New Catholic school leaders ready to hit the ground running in new school year

From left, Steve Wasko, the Archdiocese of Detroit's new assistant superintendent for strategic planning and accreditation; Laura Knaus, associate superintendent for the archdiocese's Northeast and Northwest regions; Kevin Kijewski, J.D., superintendent of Catholic schools; and May Bluestein, Ph.D., assistant superintendent for curriculum, instruction and assessment, form the core of the archdiocese's new Catholic schools leadership team. (Naomi Vrazo | Detroit Catholic)

Three new assistant, associate superintendents focus on implementing vision behind 'Unleashing Our Catholic Schools'

DETROIT — As the Archdiocese of Detroit moves toward the implementation of a new vision for Catholic education, three new faces in the Office of Catholic Schools are working to make that vision a reality.

Steve Wasko, Laura Knaus and May Bluestein, Ph.D., joined the office this summer as assistant or associate superintendents, part of a restructuring of the archdiocese’s Department of Evangelization, Catechesis and Schools to better align with Archbishop Allen H. Vigneron’s Unleash the Gospel.

Superintendent Kevin Kijewski, J.D., announced the appointments in May and June.

Wasko will serve as assistant superintendent for strategic planning and accreditation; Bluestein will serve as assistant superintendent for curriculum, instruction and assessment; and Knaus will serve as associate superintendent for the archdiocese’s Northeast and Northwest regions.

A search is still under way for an associate superintendent for the archdiocese’s Central and South regions, Kijewski said.

Announcing Wasko and Knaus’ appointments in May, Kijewski said he was “very excited” to work with the pair on implementing the new schools vision, which was introduced to the archdiocese in January.

“Through their individual experiences, they have both demonstrated a commitment, not only to Catholic education, but to the unique calling to unleash the potential of our Catholic schools,” Kijewski said.

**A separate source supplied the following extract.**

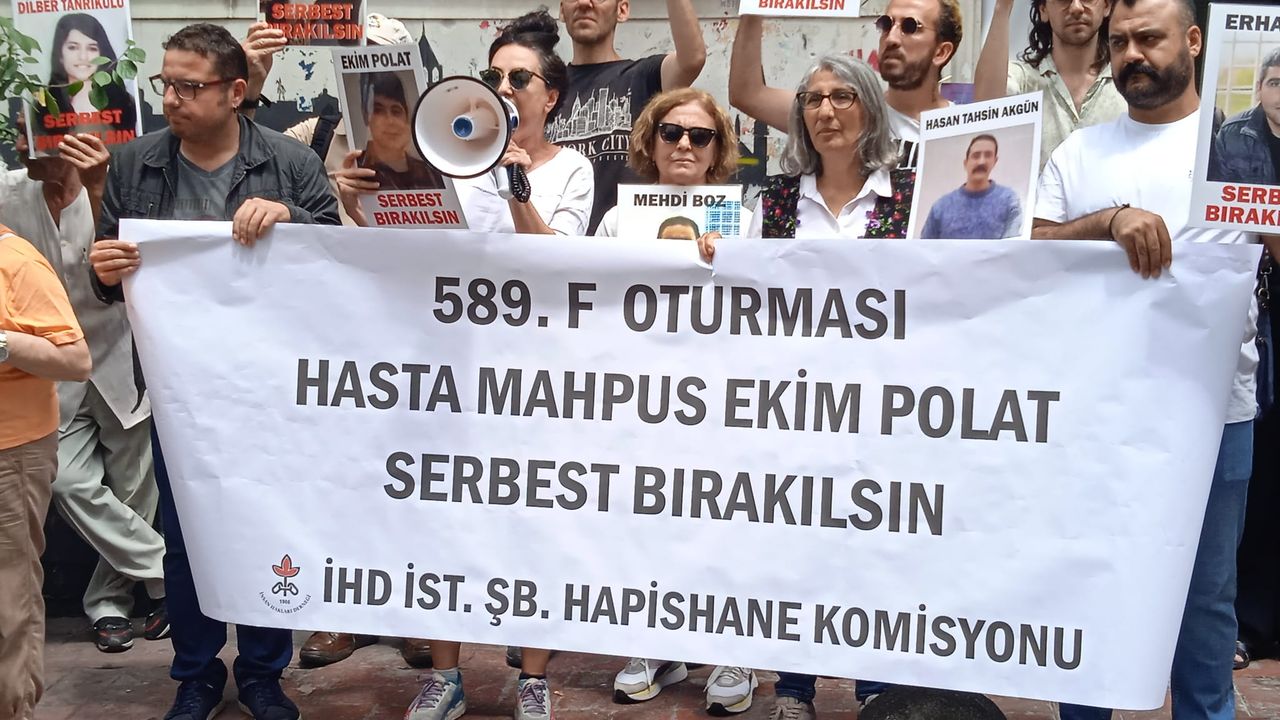 İHD İstanbul, AĞIR HASTA MAHPUS EKİM POLAT  SERBEST BIRAKILSIN!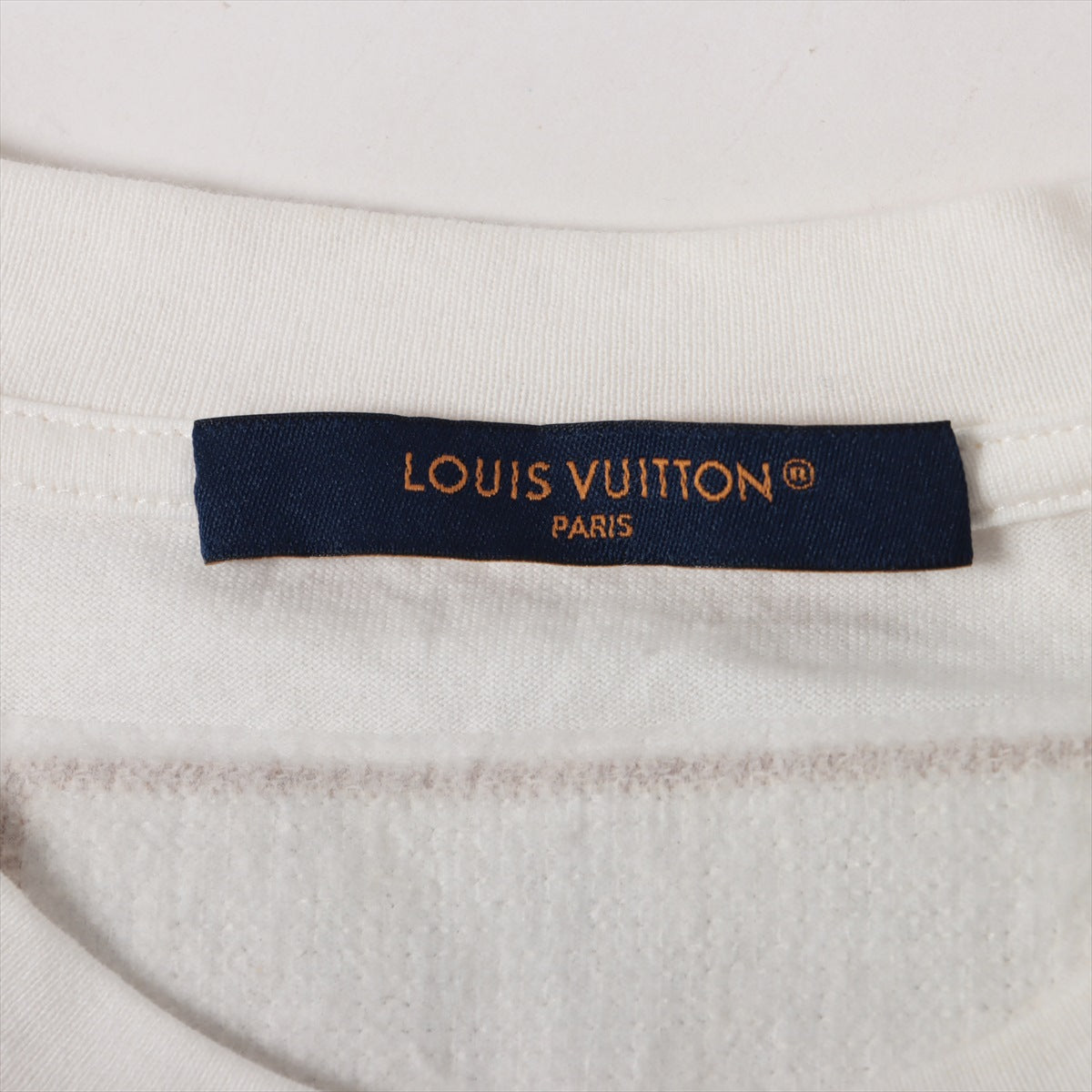 ヴィトン 23AW コットン Tシャツ L メンズ ホワイト RM232M エンブ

Kijewski also called Bluestein, hired in June, an “exciting addition to our team,” with her experience as a longtime educator at Bishop Foley High School in Madison Heights bringing “innovative solutions” to the archdiocese’s curriculum and assessment models.

Steve Wasko

Steve Wasko, the Archdiocese of Detroit's new assistant superintendent for strategic planning and accreditation, began in his new position on June 3.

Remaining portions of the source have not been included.